United Nations: WikiLeaks founder Julian Assange accused President Barack Obama on Thursday of seeking to exploit the Arab uprisings for personal political gain, as he addressed a sideline meeting of the UN General Assembly via videolink from his hideout at a London embassy.
The Australian activist has sheltered inside Ecuador's embassy in London beyond the reach of British police since June 19, when he sought refuge after he exhausted all legal routes to avoid extradition to Sweden for questioning over sex crimes allegations.

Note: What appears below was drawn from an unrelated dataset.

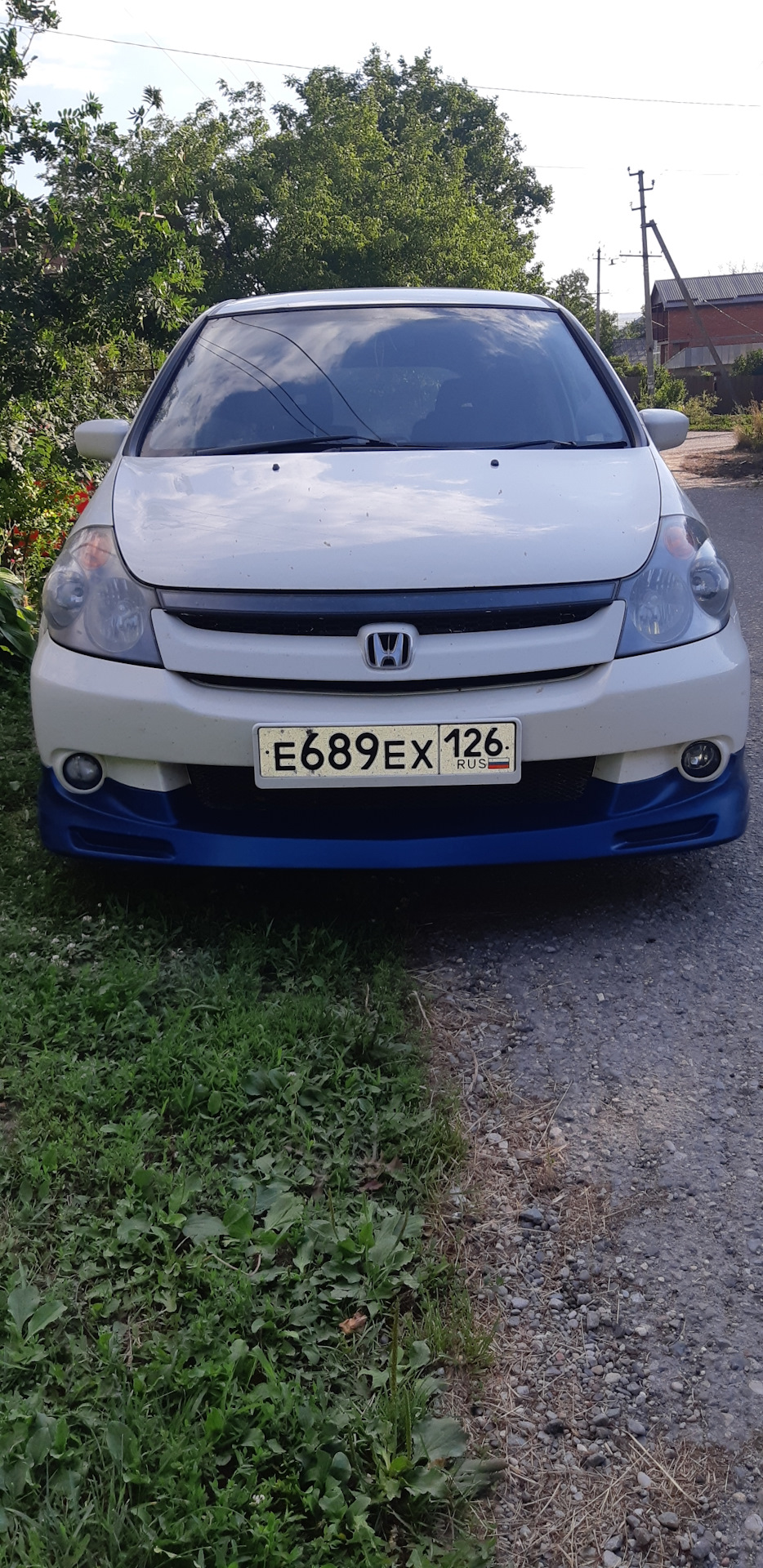 Фото в бортжурнале Honda Stream (RN1-5)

Assange and his supporters claim that the Swedish sex case is part of a Washington-orchestrated plot to make him stand trial in the United States over his work with WikiLeaks, which has published thousands of secret US diplomatic cables and other documents. Both Sweden and the US reject that claim.
At a sideline meeting organized by Ecuador, the activist attempted to draw parallels between himself and the instigators of the Arab Spring claiming that they had all been let down by Obama.

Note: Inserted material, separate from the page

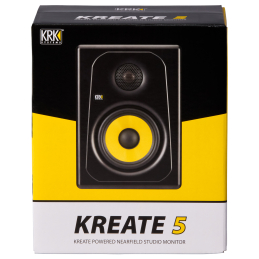 	Enceintes monitoring de studio - KRK - KREATE 5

"It must come as a surprise to Tunisians for Barack Obama to say the US supported the forces of change in Tunisia," Assange said, speaking from Ecuador's tiny apartment-sized London mission.

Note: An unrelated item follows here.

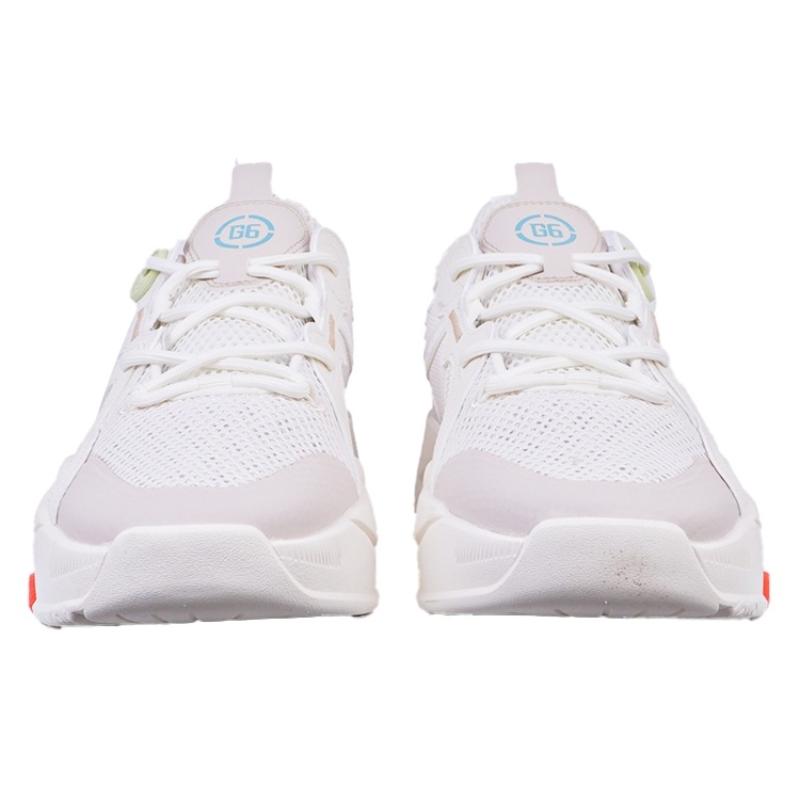 Anta G6 G6 Cushioned Anti-Slip And Wear-Resistant Lightweight Low-Top Sports Casual Shoes Men's White Gray Sneakers 112238083-1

He claimed that uprisings across the Arab world had been inspired, in part, by his organisation's disclosures about despotic rulers, including Tunisia's deposed President Zine El Abidine Ben Ali.
Assange claimed that Obama whose administration he accuses of building a criminal case against WikiLeaks and of harassing its staff was seeking to exploit the reforms of the Arab Spring during his reelection campaign.
"Mohamed Bouazizi did not set himself on fire so that Barack Obama could get reelected," Assange told the meeting, referring to the 2011 self-immolation by a Tunisian fruit vendor which sparked the uprising that toppled Ben Ali.
Assange, who made no reference to the Swedish sexual misconduct case as he addressed diplomats, also accused Britain and Sweden of failing to provide guarantees that he would not face extradition to the US to help preserve close military and intelligence links with Washington.
Both European nations insist that Assange must be sent to Sweden under international and European law, and that they cannot legally offer any pledges to refuse a possible future US extradition request.